Saturday, October 21, 2017

MongoDB reported that the traditional relational store for a catalog suffered from the following issues:
1) The field inventory is a local view only until it makes its way to the central store.
2) The relational store involves a one-a-day sync or something periodic
3) Stale views are served until the refresh happens which is often not fast enough for consumers.
4) The stale view interferes with analytics and aggregations reports.
5) Downstream internal and external apps have to work around the delays and stale views with sub-optimal logic.

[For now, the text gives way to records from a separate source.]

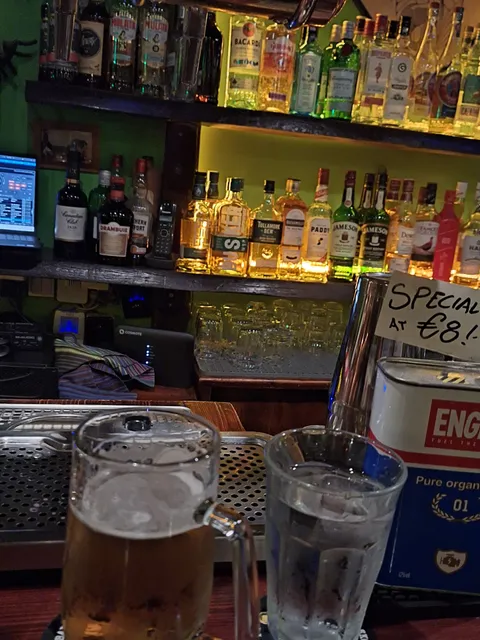 Μπάτε σκύλοι αλέστε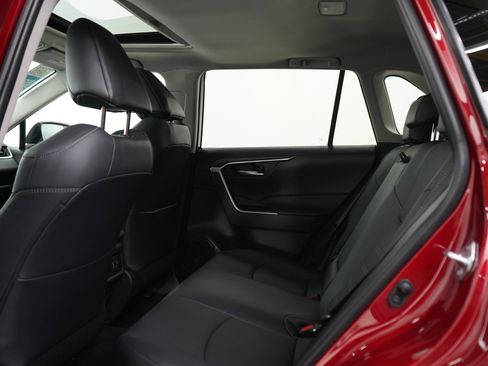 Used 2025 Toyota RAV4 XLE Premium w/ Weather Package AWD/4WD image 19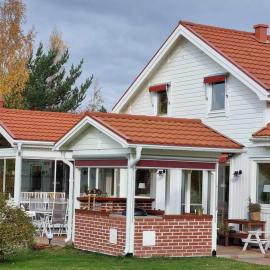 Rymlig villa med storslagen utsikt, 8 min fr Hudik, Hotel in Forsa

MongoDB overcomes all these and organizes the catalog into Item, Variant, Price, Hierarchy, Facet and Vendors in a document store. Then it allows the applications to search for data via prejoined objects in cache or via indexing through search engine using Lucene/Solr architecture
Applications generally want a central service with a single view to the catalog. It is used by most services and back channels. Moreover, they want this inventory to be in sync in real time. Therefore they expect their writes to be local and real-time in a read dominated workload. That said refresh is in the form of bulk writes. via point in time loads.  Bulk inserts work well with relational database. Therefore MongoDBs document data store gets synced with the relational data store periodically say nightly.  The real-time update and view all happen on the document store only and don't reach the relational store. Similarly analytics and aggregation pull data from the document store
The catalog initially stored 1 document per SKU per store. if there are hundred million items in a thousand store, it results in a hundred billion entries. Instead the documents were now one each for a specific key/store grouping SKU. This improves geo distribution and results in lower number of docs. In order to keep reads/writes local with low latency in an architecture where writes go to every shard for every region, they were streamlined to go to their respective regions with the help of tags.
Even the shopping cart is modeled as a single document. 

#codingexercise
We talked about finding the largest number from the digits whose product equals the number.
We said we can try different digits from 2 to 9 in increasing order to find the divisors of the numbers and their repetitions and we take as many of the divisors as possible. In increasing order of digits, this translates to (digit1, repetition1), (digit2, repetition2) ... pairs. The ones with the higher repetitions are included in the final solution.
Each digit, repetition pair is either included in the final solution or not. Consequently we can write a dynamic programming that recursively tries both paths and returns the count of the sub-problem plus the repetitions from the current choice or merely the count from the sub-problem as the case maybe.